Name of Assigned Judge Sitting Judge if Other or Magistrate Judge Matthew F. Kennelly than Assigned Judge
For the reasons stated below, the Court grants defendants' motions to dismiss [35 & 42]. Count 1, plaintiffs' TILA Act claim, is dismissed as time-barred. Count 2, plaintiffs' RICO claim, is dismissed for failure to state a claim. The Court will enter final judgment against the plaintiffs unless they file, by 11/8/10, a motion to file an amended complaint attaching a proposed amended complaint that states a viable claim over which this Court has jurisdiction. The case is set for a status hearing on 11/15/10 at 9:30 a.m.
O[ For further details see text below.]
Plaintiffs' motion to require defense counsel to state whether they represent creditors or holders in due course  is terminated.
The pro se plaintiffs in this case, David and Veynelcia Cocroft, are defendants in a state court mortgage foreclosure case involving residential property that they own in Country Club Hills, Illinois. They have filed a 2-count complaint against HSBC Bank USA as trustee of a mortgage loan trust; Mortgage Electronic Registration Systems, Inc. (MERS); Countrywide Bank, FSB; Bank of America Home Loans; and the law firm of Codilis & Associates. Count 1 is a claim under the Truth in Lending Act. Count 2 is a claim under the Racketeer Influenced and Corrupt Organizations Act (RICO).
As best as the Court can make out from the papers, the Cocrofts refer to Countrywide Bank as the "alleged lender" but appear to dispute that it is the actual lender; MERS serviced the loan; Bank of America purchased Countrywide's assets; and HSBC is trustee of a mortgage loan trust that possibly purchased the Cocrofts' mortgage. The Court notes these matters not to make findings on any of them but rather simply to identify the participants in the case. Codilis & Associates is the law firm that represents the mortgagee, or the alleged mortgagee, in the state court foreclosure suit against the Cocrofts.

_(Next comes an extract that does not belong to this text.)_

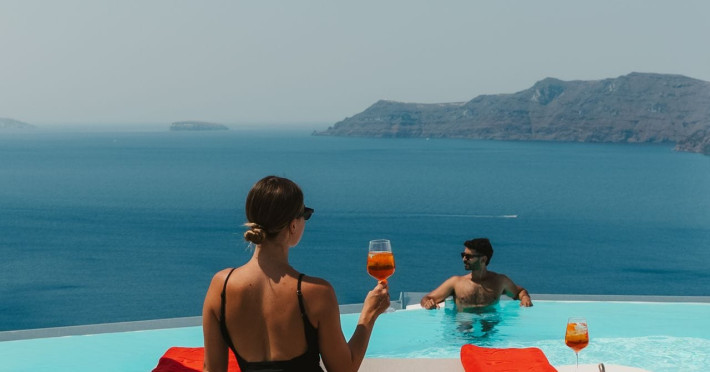 saint-legendary-suites-and-spa-santorini-b7961501d1d52e03.jpeg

In their TILA claim, the Cocrofts allege that they exercised their right to rescind the mortgage on July 1, 2009 and that the defendants refused to honor the rescission. The complaint alleges that the mortgage was Courtroom Deputy OR Initials:
made on or about April 17, 2007.
The Court agrees with Codilis & Associates that it is not a proper defendant on the TILA claim because it is not a creditor of the Cocrofts. Only a creditor can be liable under TILA. See 15 U.S.C. § 1640(a). A creditor is a person to whom the debt is payable. See 15 U.S.C. § 1602(f). Codilis & Associates is not and was not a creditor of the Cocrofts; rather, it is the attorney for entities that allege they are creditors of the Cocrofts. The fact that a law firm can (in appropriate circumstances) be a proper defendant on a claim under the Fair Debt Collection Practices Act (FDCPA), as the Cocrofts argue, does not help them in this case, because the Court is considering a TILA claim, not a FDCPA claim. Codilis & Associates is entitled to dismissal with prejudice of the TILA claim.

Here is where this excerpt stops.